Made By Whites For Whites

SEPTEMBER 4 - OCTOBER 11, 2014

New York—Jack Shainman Gallery presents an exhibition of new work by Nick Cave at the gallery’s two Chelsea locations, opening Thursday, September 4th from 1-6 PM. Made by Whites for Whites and Rescue will be on view through Saturday, October 11, 2014 and will be accompanied by special programming. The two-part exhibition will be the artist’s fourth with the gallery.

On view at 524 West 24th Street will be Cave’s body of work Rescue. The series comprises sculptures that incorporate found ceramic dogs sitting on furniture within elaborate grottos or dreamlike dens. Dogs have historically been associated with loyalty, class, breed, commitment, and protection. More recently, the term “dawg” has played a role in hip-hop culture as a moniker for brotherhood, respect, and power.

In the Rescues, Cave focuses on a single canine that has quite literally been rescued from destruction, very much like an adopted pet. These dogs become the benevolent guardians of their self-contained worlds, focusing the spotlight on the forgotten and discarded. A Doberman lounges on a gold sofa while a small dog fiercely guards a wishbone on a shoeshine table. The armatures that envelop these animals correspond with large-scale wall based bas reliefs dripping with crystals, beads, and metal flowers.

Many of the works included in Made by Whites for Whites, on view at 513 West 20th Street, have formal similarities to the Rescues in that central found objects are presented within elaborate armatures built up with items from Cave’s familiar lexicon of ceramic birds and flowers, porcelain fruit, and copies of Capodimonte. However, the content is quite different. In Made by Whites for Whites, racially charged historical objects anchor the works such as the stereotypical representation of a black man with dark skin, big red lips, and white eyes in Untitled, 2014, or the Golliwog costumed mannequin in King of the Hill, 2014. These were once commonplace caricatures that infantilized and dehumanized the African American population.

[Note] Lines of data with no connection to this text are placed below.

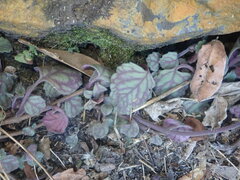Plectranthus verticillatus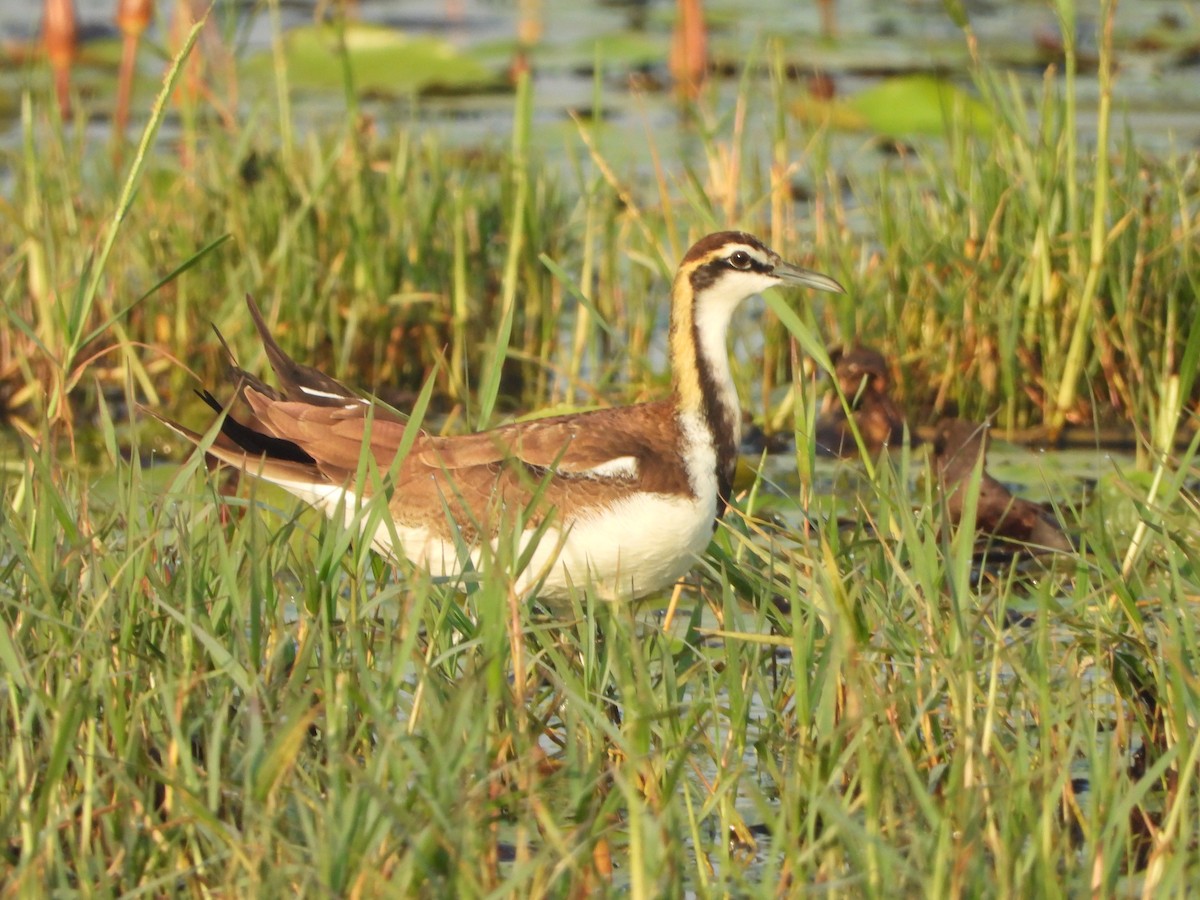 Pheasant-tailed Jacana - ML644906005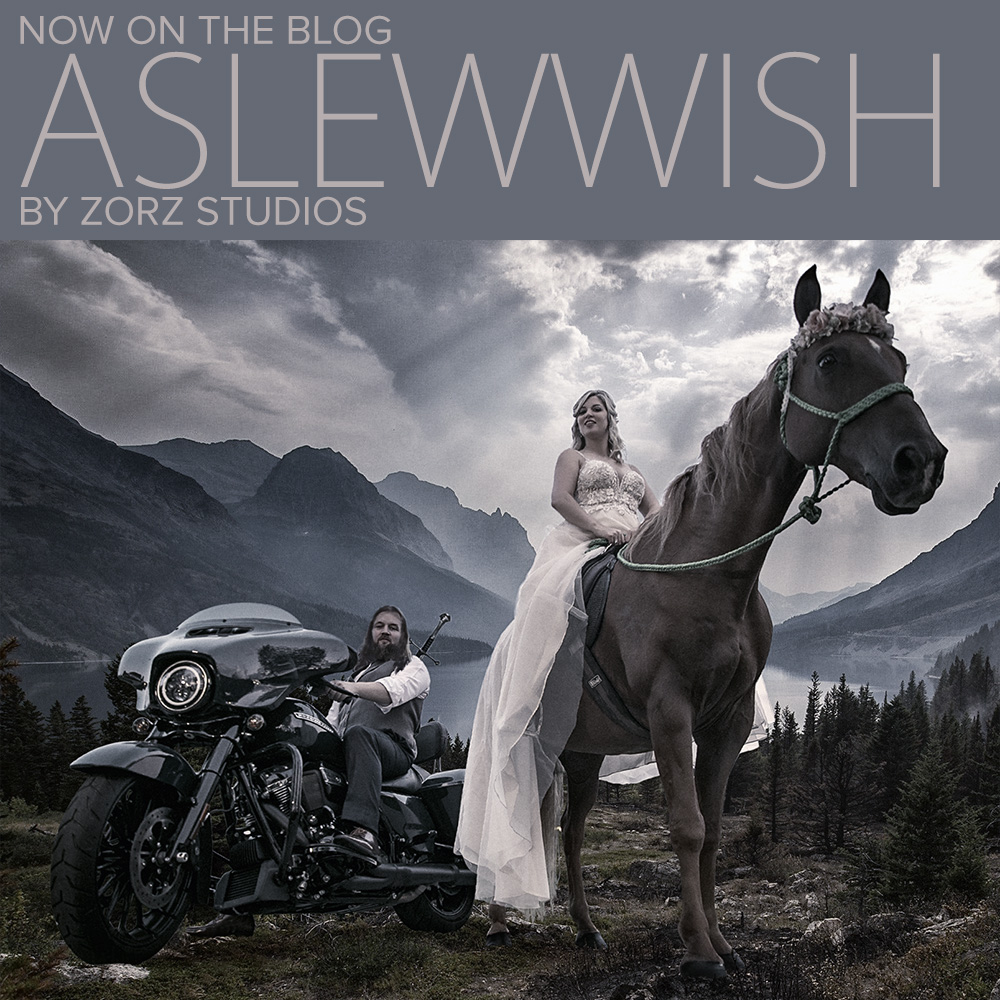 Aslewwish: Modern Viking Wedding in Ohio by Zorz Studios (151)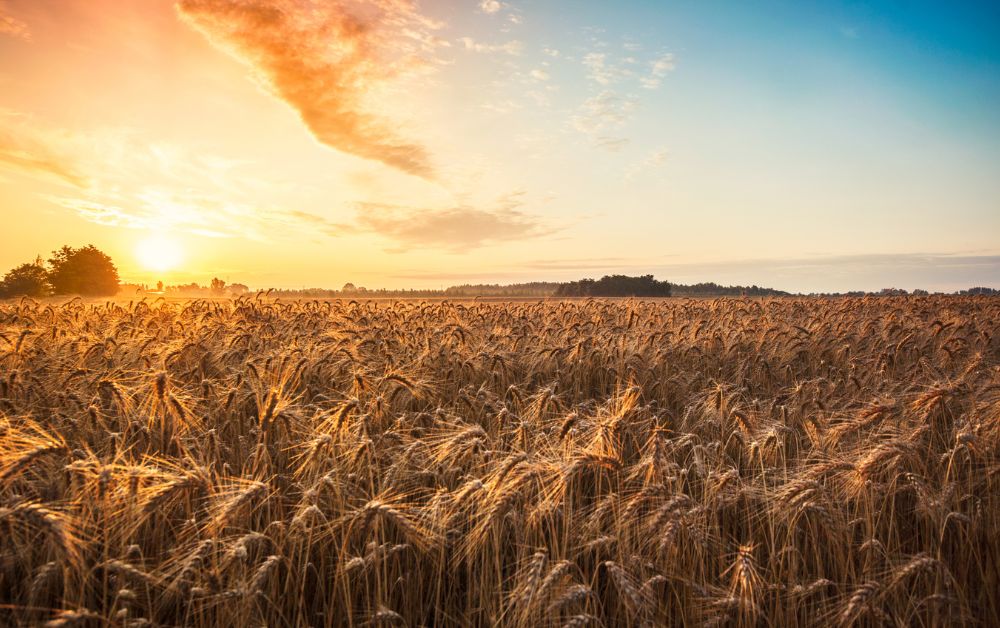 Kedvező képet mutat a 2025-ös Fusarium-monitoring – de nincs okunk hátradőlni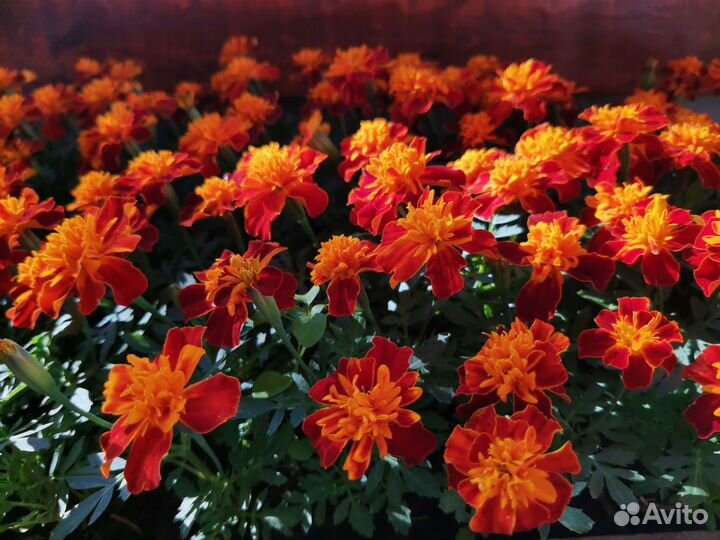 Петуния, Бархатцы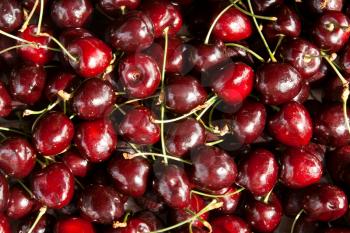 Royalty Free Photo of a Bunch of Cherries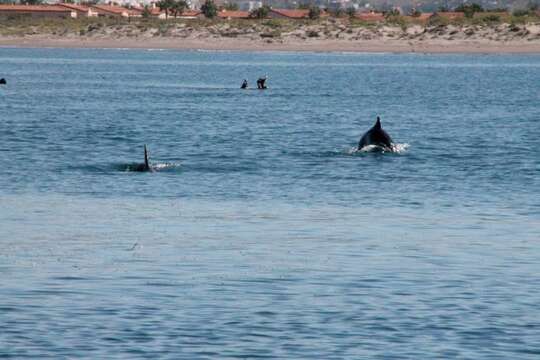 Image of Bottlenose Dolphin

This project began when Cave found a container at a flea market shaped like the head of a black man and labeled ‘Spittoon.’ He was shocked and began, “to rehabilitate the problematic loaded object and find a place of reverence and empowerment through reuse.” These remnants of another time hold a strange place in the public consciousness. They are too important to be discarded but too painful to be widely displayed. They persist at a distance across the country in the cultural gray area offlea markets and antique stores, potently saturating the American present. Cave treats these items with compassion while forcing the viewer to confront this problematic genre of mass-produced and widely disseminated collectibles. Following the artist’s unveiling of this new direction in his summer exhibition at Jack Shainman Gallery’s newly launched 30,000 square foot exhibition space, The School, in Kinderhook, New York, these two exhibitions expand the breadth and content of Cave’s oeuvre while remaining inextricably linked to the reclaiming of found objects that has always been at the core of his work.

About the Artist

Nick Cave is an artist, educator and foremost a messenger, working between the visual and performing arts through a wide range of mediums including sculpture, installation, video, sound and performance. He has said, "I have found my middle and now am working toward what I am leaving behind."

Cave was recently the subject of a solo exhibition at the Institute of Contemporary Art in Boston in 2014. Other recent solo exhibitions include: Nick Cave: Sojourn at the Denver Art Museum, Nick Cave: Freeport 006: at the Peabody Essex Museum, and Fantastic 2012, Lille3000, at the Tri Postal in Lille, France. In 2013 he worked with Creative Time and MTA Arts for Transit to present HEARDNY at Grand Central Station in New York City, a performance that transformed the commuter experience into a dream world occupied by 30 raffia horses activated by 60 dancers. Upcoming solo exhibitions include the St. Louis Museum of Art, MO in 2014, the Cranbrook Art Museum, Bloomfield Hills, MI, in 2015, which will be accompanied by a series of performances in Detroit, MI, and a major exhibition of new work at Mass MoCA, North Adams, MA in 2016.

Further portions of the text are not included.